I’ve fished in jeans and tee shirt, slacks and dress shirt, shorts, leather dress shoes, flip flops, Hawaiian shirts, turtlenecks, polo shirts, khakis, coveralls, boots and sneakers.
I’ve been asked if I was modeling for a new line of clothes (seriously and hilariously), if I was working a police case, if I was undercover, if I was a tourist, if I worked for the mayor’s office or if I was filming a television show.
The truth of the matter is I’m just a guy who likes to fish and doesn’t have a whole lotta free time to do it and as such, I tend to put substance (read that as, catching fish) over style- if you know what I mean.
Anyway, I sometimes suspect that all the push on specialized clothes that are only suitable for specific tasks and all is as much marketing and advertisement driven as it is practical reality.
Consider, for example, what the history books say on…oh…the American West and cowboys and you will learn that nearly as many “cowboys” simply wore Bowler hats as they did ten gallon Stetsons. Real cowpokes just made due with the gear at hand.
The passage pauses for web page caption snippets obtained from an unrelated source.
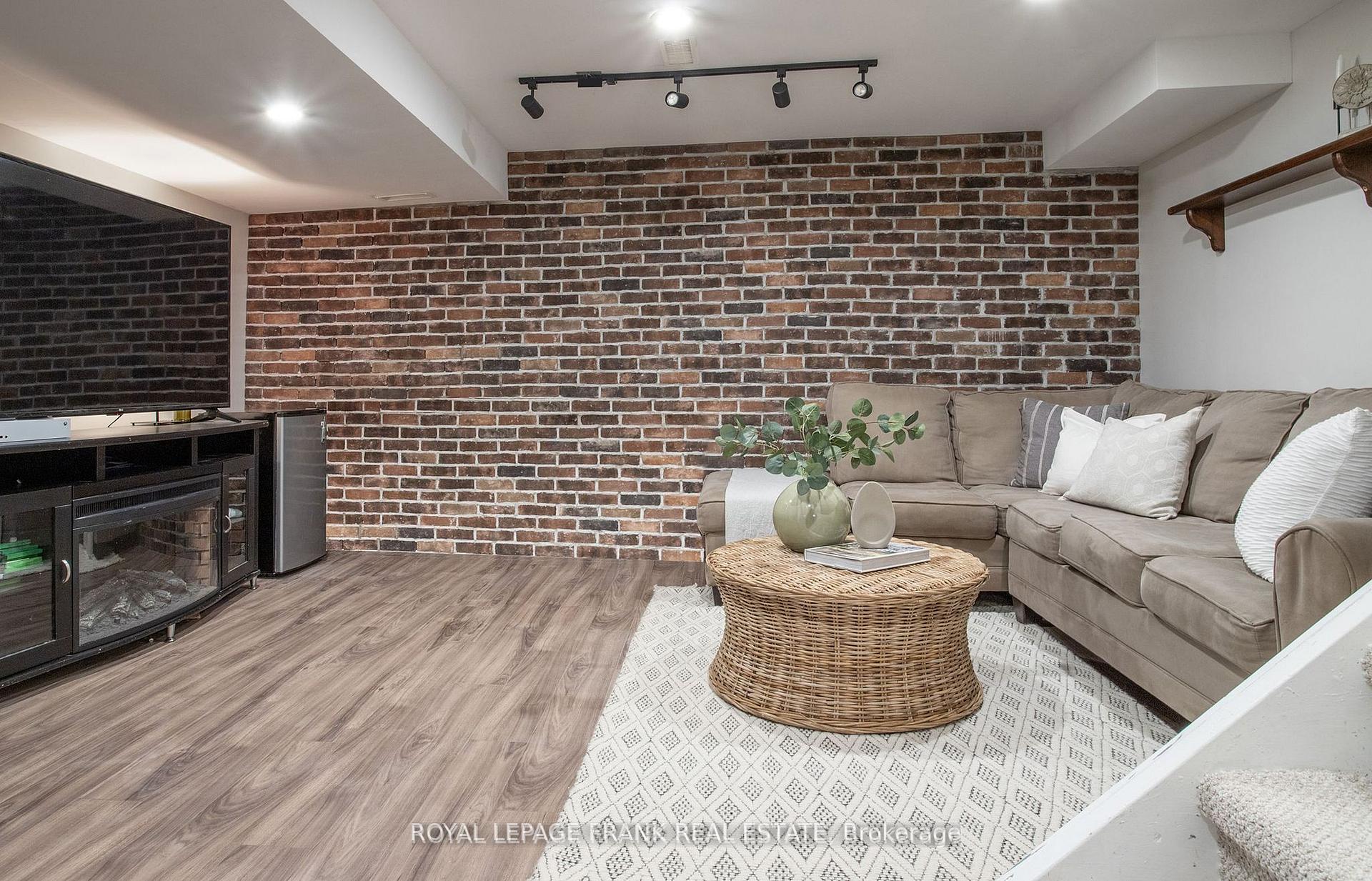 Photo 28 of 22 Windham Crescent, Clarington, Courtice — HOMEH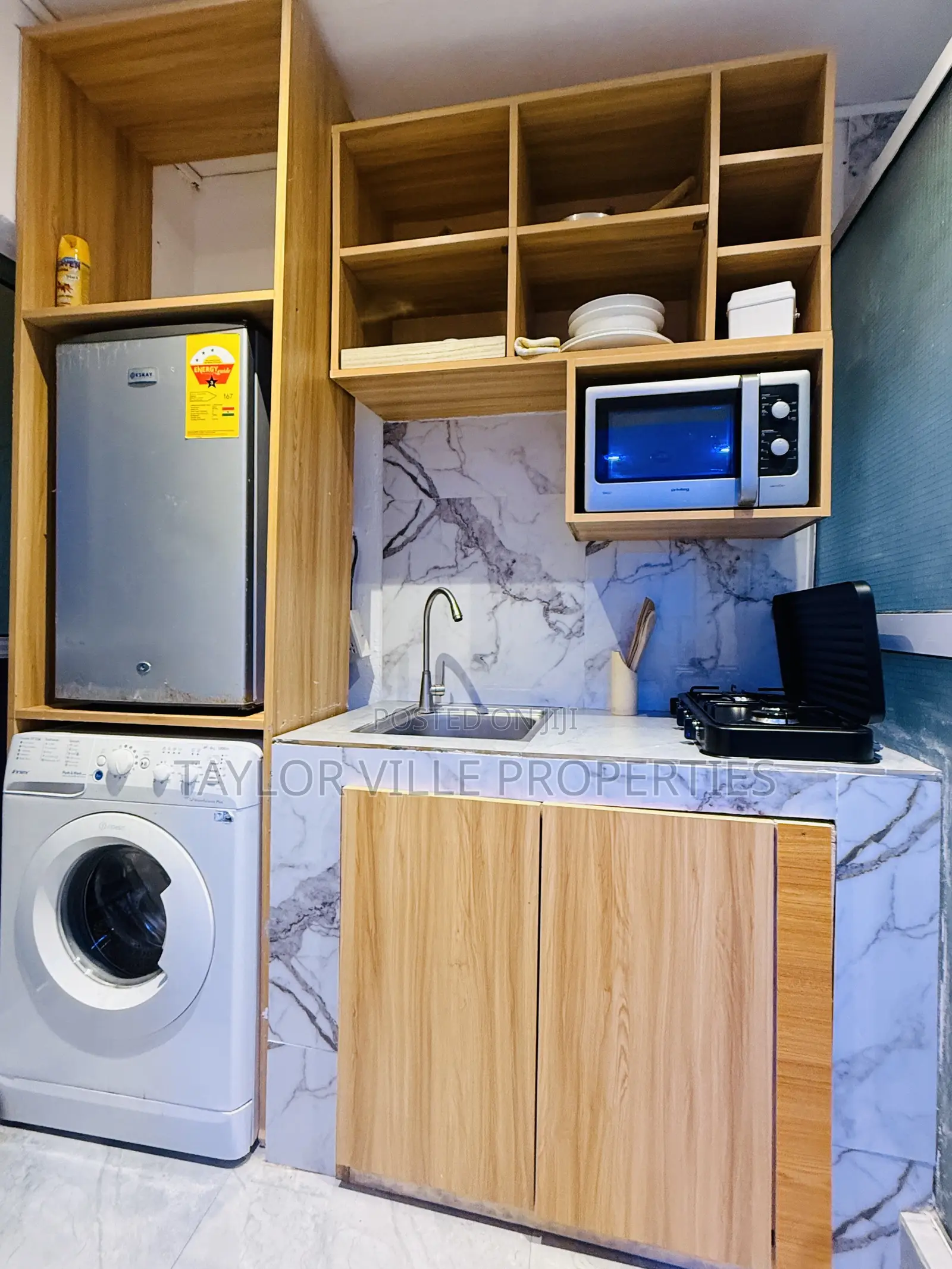 Affordable Studio in Osu, 3 Mins Walk From Oxford St W/ Wifi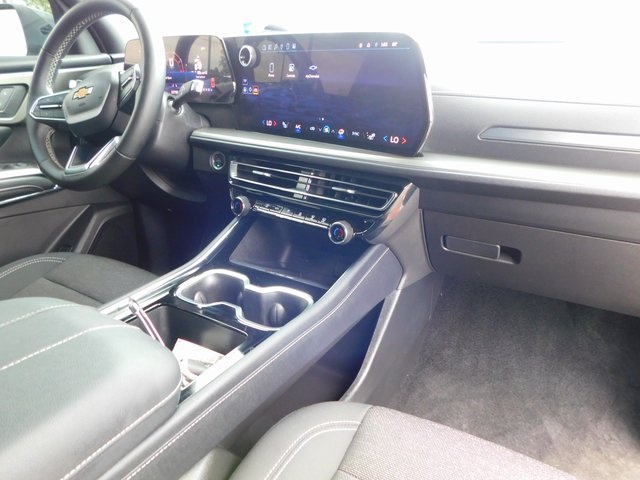2025 Chevrolet Traverse photo 18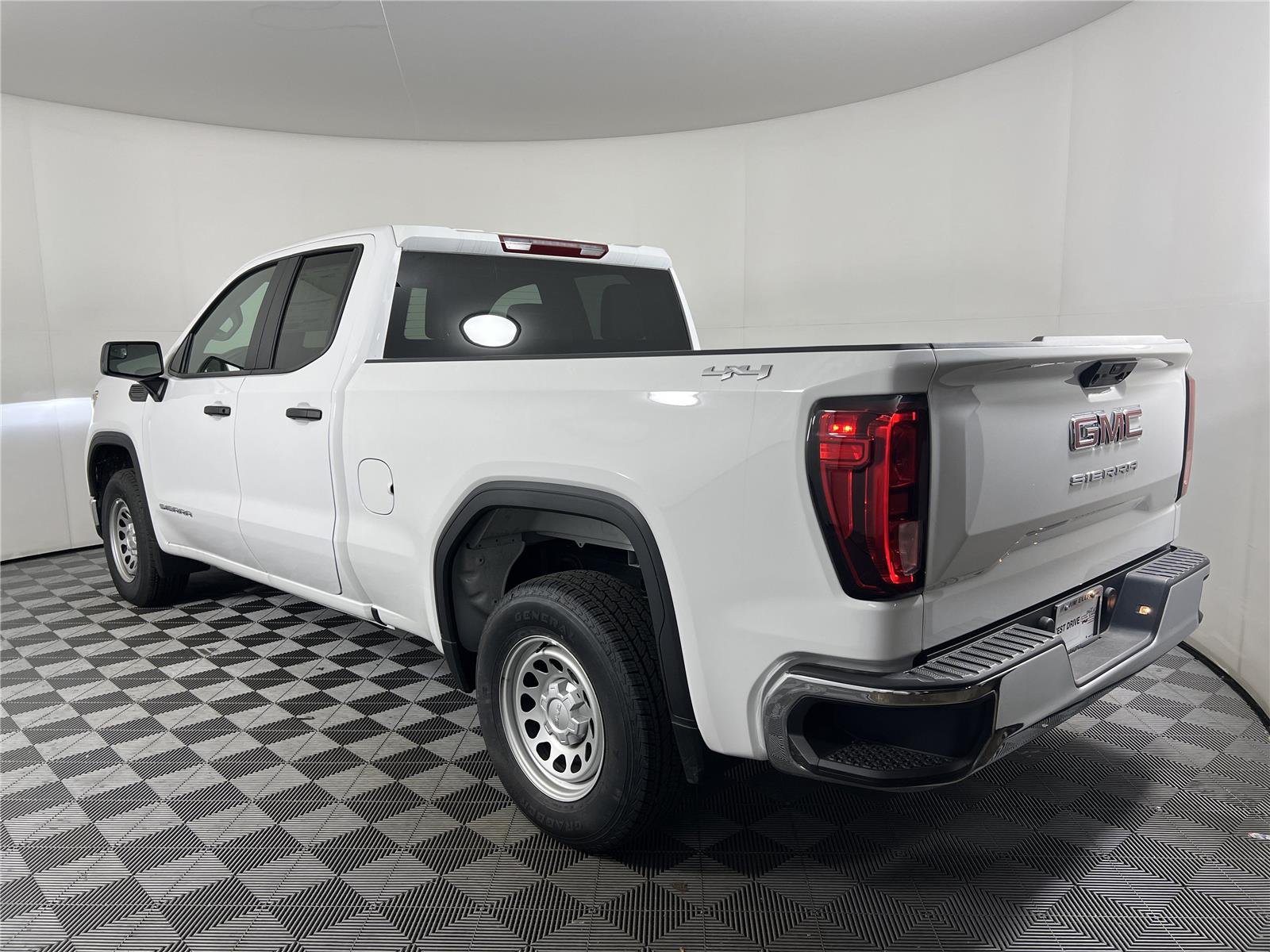 New 2026 Summit White GMC Pro image 4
I’m guessing that like so many other things though that the image can tell the story and “the-man-with-no-name” would not have appeared nearly so macho in all those spaghetti westerns had he been decked out in East Coast city duds as opposed to weathered serape and a “real” cowboy hat.
Just so we’re clear, I’m not against practical functionality – waders are a blessings as are many of the fabrics and clothes that wick away sweat and dry quickly and repel insect and so on and so. I’m just sayin’ that when opportunity knocks, I’m answering the door even if I’m wearing Brooks Bros. and a silk tie.
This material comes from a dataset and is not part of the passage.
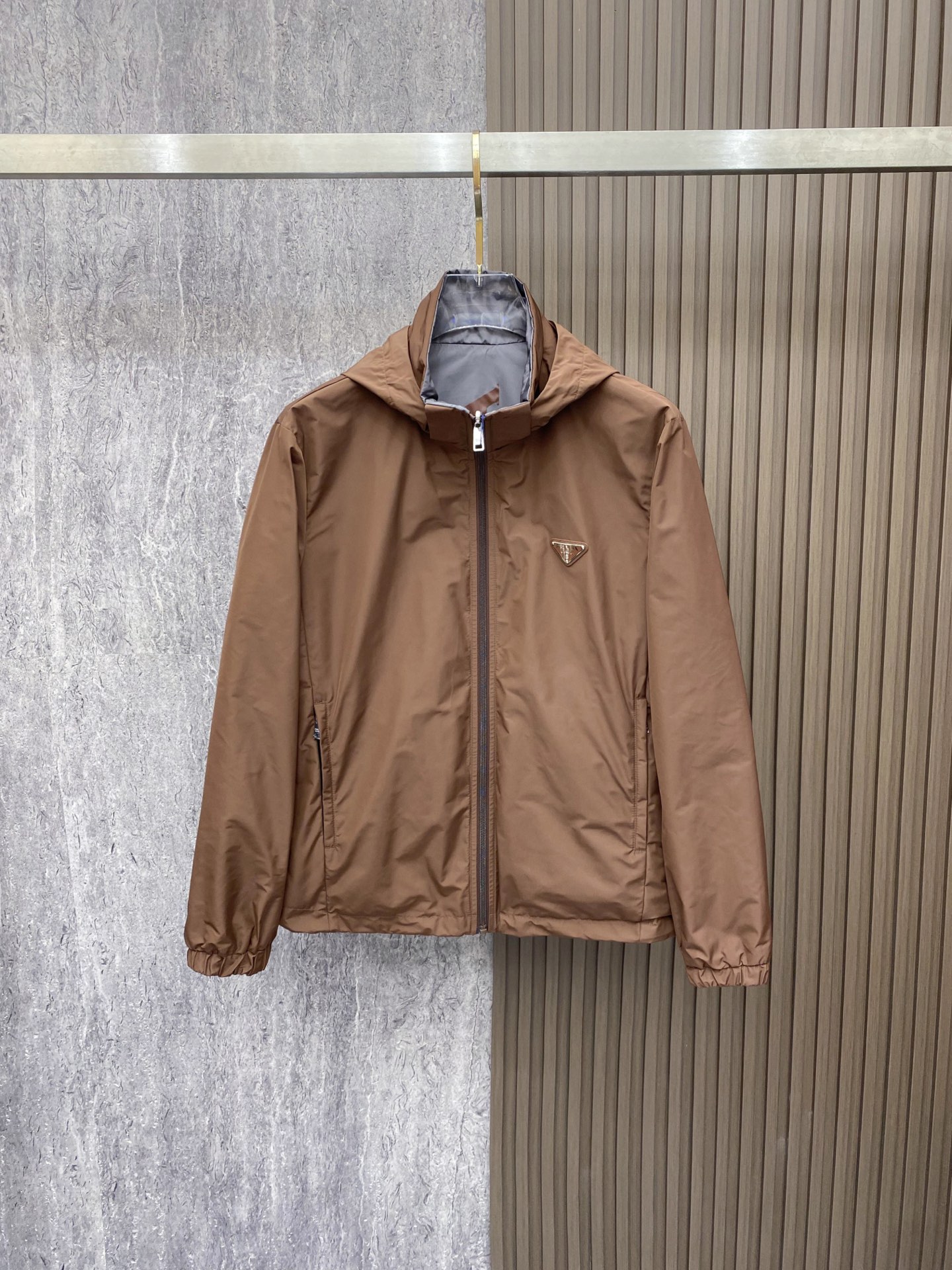 Prada 普拉达 2026ss春季新款连帽夹克外套全高端版本！高定专柜面料辅料，透气舒适度高，细节无可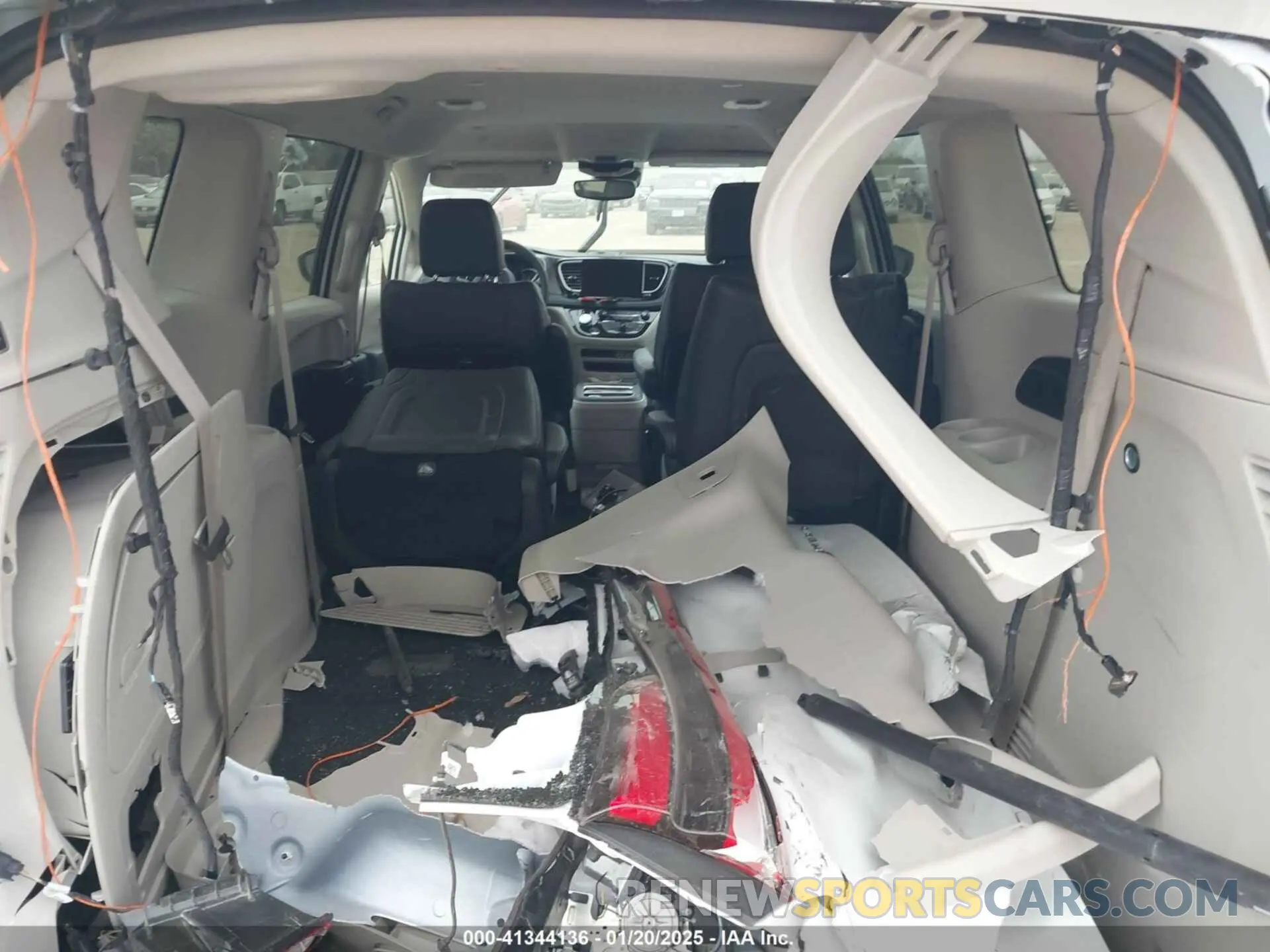 8 fotografías del automóvil dañado 2C4RC1L7XPR588776 CHRYSLER PACIFICA HYBRID 2023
And that’s my point, urban fishin is all about striking when the time allows.
As if to be a subtle reminder that my line of reasoning is not so far-fetched, I flipped open a fishing catalog the other night and there was a picture of Tom Skerritt portraying the Reverend MacLean from the movie version of “ A River Runs Through It”. Lo and behold, his character was wearing a three piece suit (sans jacket) while flyfishing. Now that’s what I’m talkin’ about. Though the image was taken from a movie, it was based on reality and, frankly, it was a reality that we ought to get used to if we deem ourselves urban fly guys (and gals).
So all that to say, the next time your out on the water and you see a guy decked out in brilliant blue, flowery Hawaiian shirt casting his 5-weight merrily away, don’t assume he is some newbie or poser. Just tip your hat and smile and recognize that he is probably a guy who, like you and me, loves this addiction called urban fly-fishin’.